(Your task): Here are some records; quote them exactly, leaving out the pictures.

--

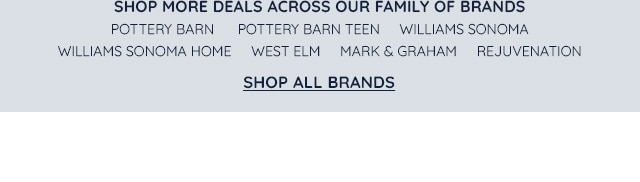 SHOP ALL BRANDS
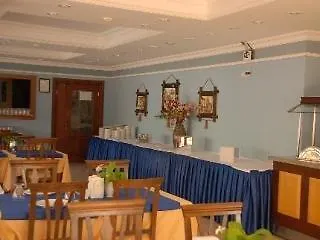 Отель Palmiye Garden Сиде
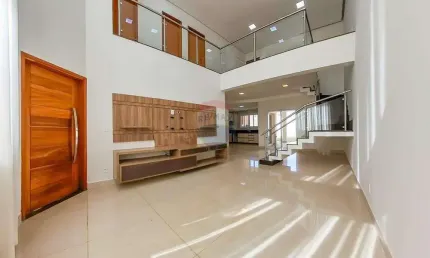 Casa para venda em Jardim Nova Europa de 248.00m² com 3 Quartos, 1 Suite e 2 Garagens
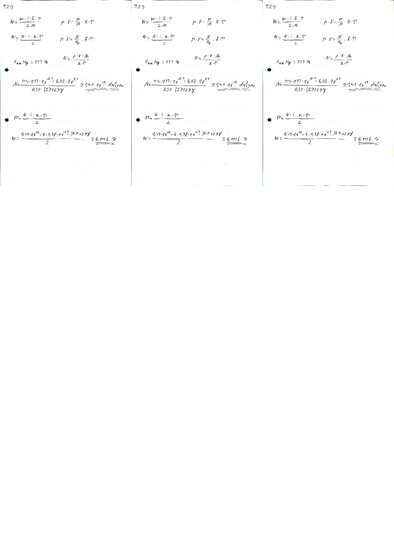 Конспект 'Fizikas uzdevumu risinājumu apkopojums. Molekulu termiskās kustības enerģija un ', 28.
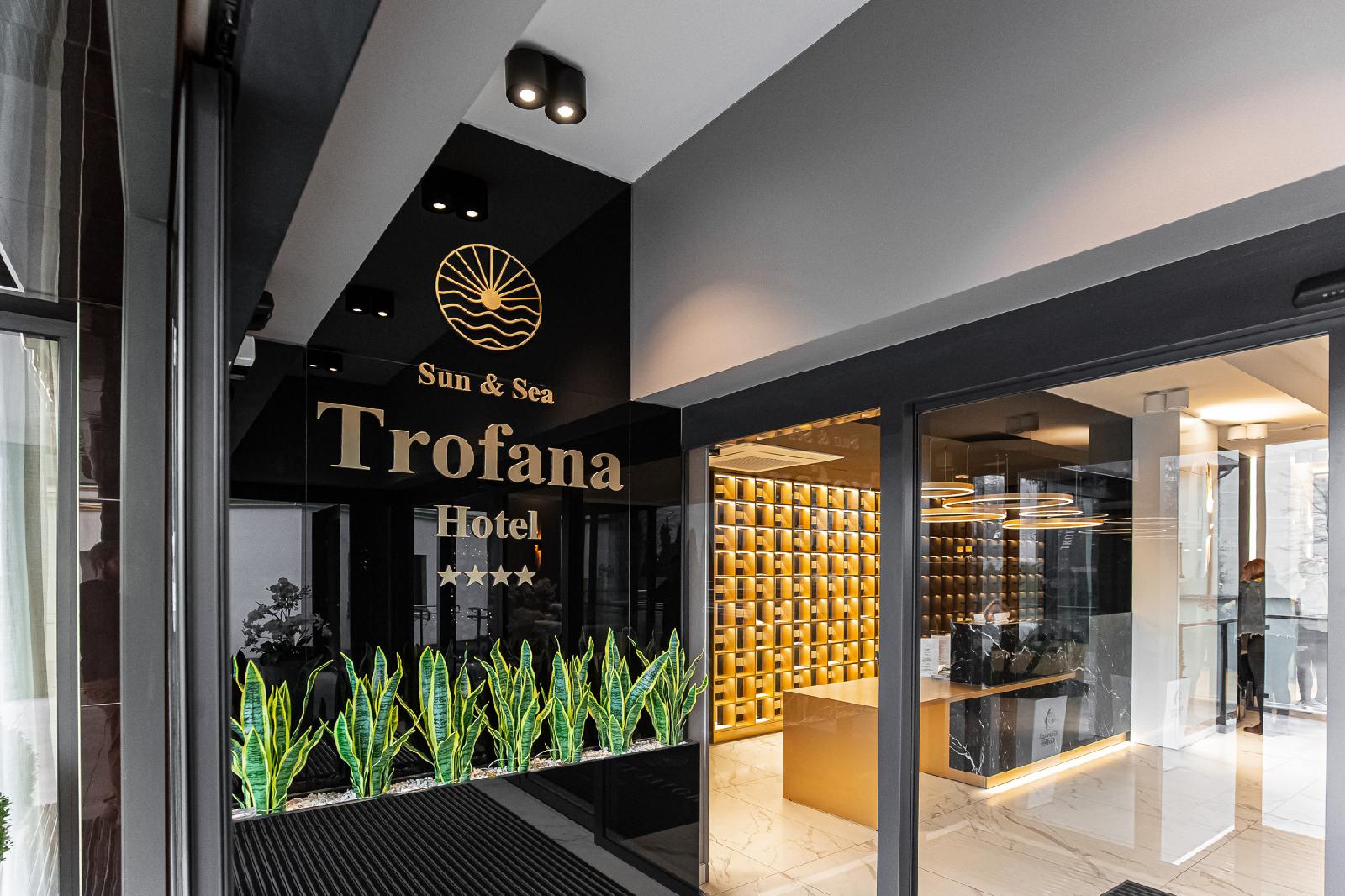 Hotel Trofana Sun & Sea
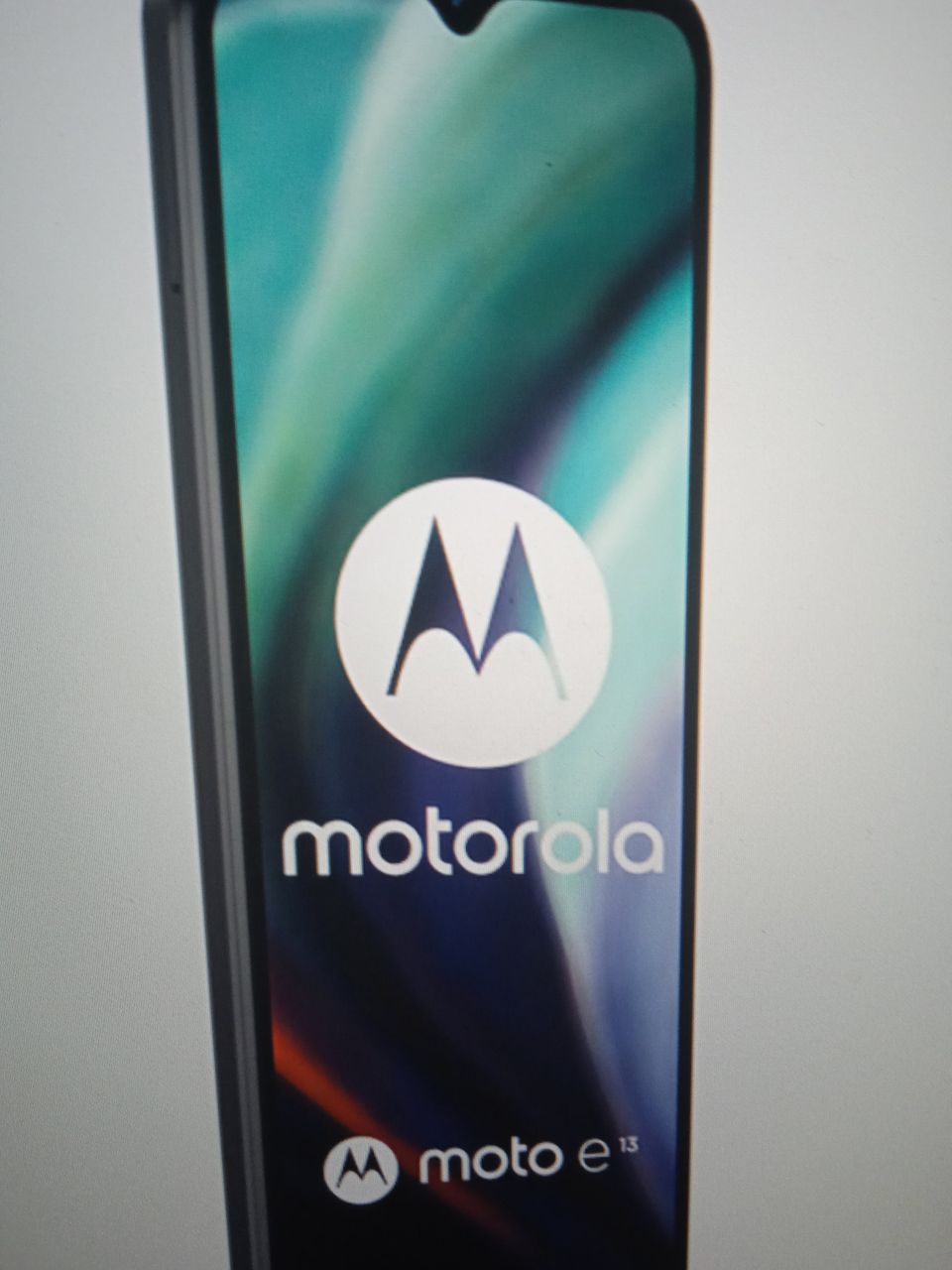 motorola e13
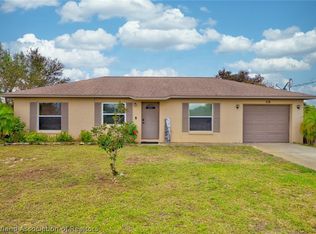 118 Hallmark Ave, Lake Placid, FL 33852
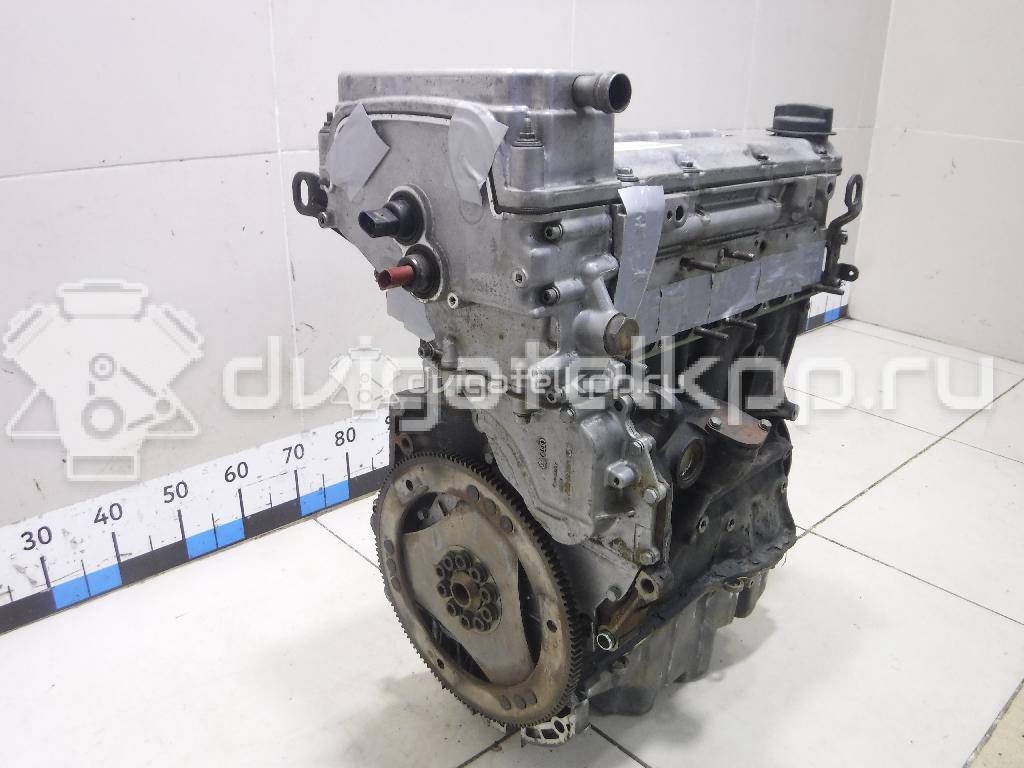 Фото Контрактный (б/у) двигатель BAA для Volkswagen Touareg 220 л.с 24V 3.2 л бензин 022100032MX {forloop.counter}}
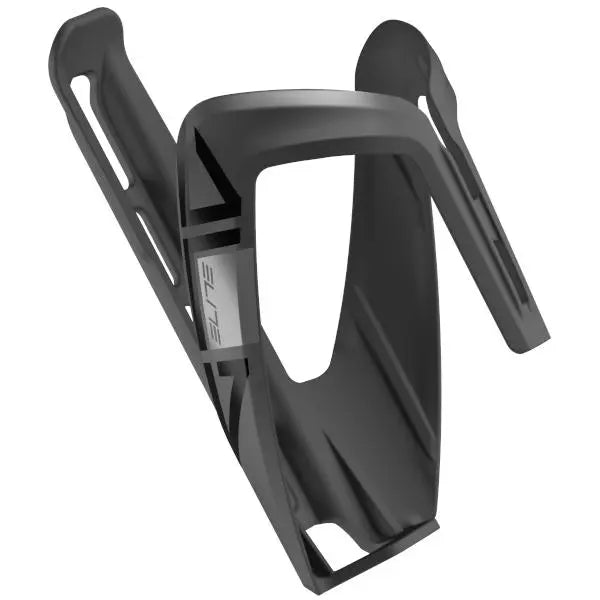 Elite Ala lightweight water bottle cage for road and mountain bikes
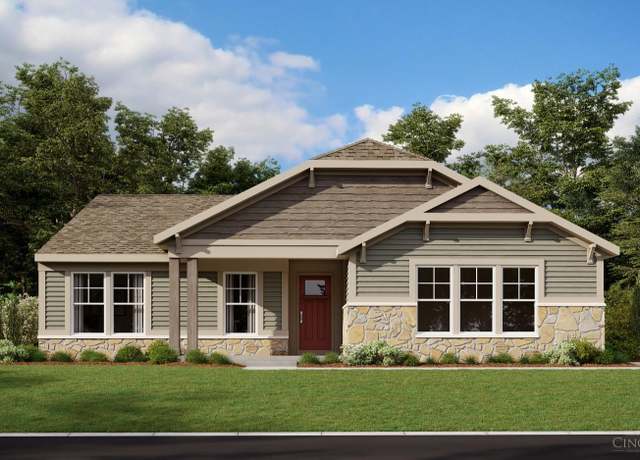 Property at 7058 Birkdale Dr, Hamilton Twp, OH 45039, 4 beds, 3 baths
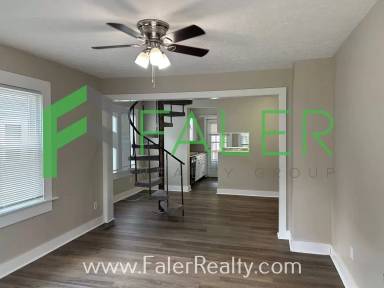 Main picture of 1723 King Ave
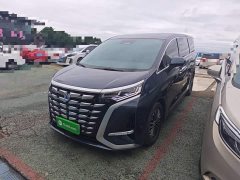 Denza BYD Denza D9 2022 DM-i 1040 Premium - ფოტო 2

--

(Solution to the exercise):
 SHOP ALL BRANDS
 Отель Palmiye Garden Сиде
 Casa para venda em Jardim Nova Europa de 248.00m² com 3 Quartos, 1 Suite e 2 Garagens
 Конспект 'Fizikas uzdevumu risinājumu apkopojums. Molekulu termiskās kustības enerģija un ', 28.
 Hotel Trofana Sun & Sea
 motorola e13
 118 Hallmark Ave, Lake Placid, FL 33852
 Фото Контрактный (б/у) двигатель BAA для Volkswagen Touareg 220 л.с 24V 3.2 л бензин 022100032MX {forloop.counter}}
 Elite Ala lightweight water bottle cage for road and mountain bikes
 Property at 7058 Birkdale Dr, Hamilton Twp, OH 45039, 4 beds, 3 baths
 Main picture of 1723 King Ave
 Denza BYD Denza D9 2022 DM-i 1040 Premium - ფოტო 2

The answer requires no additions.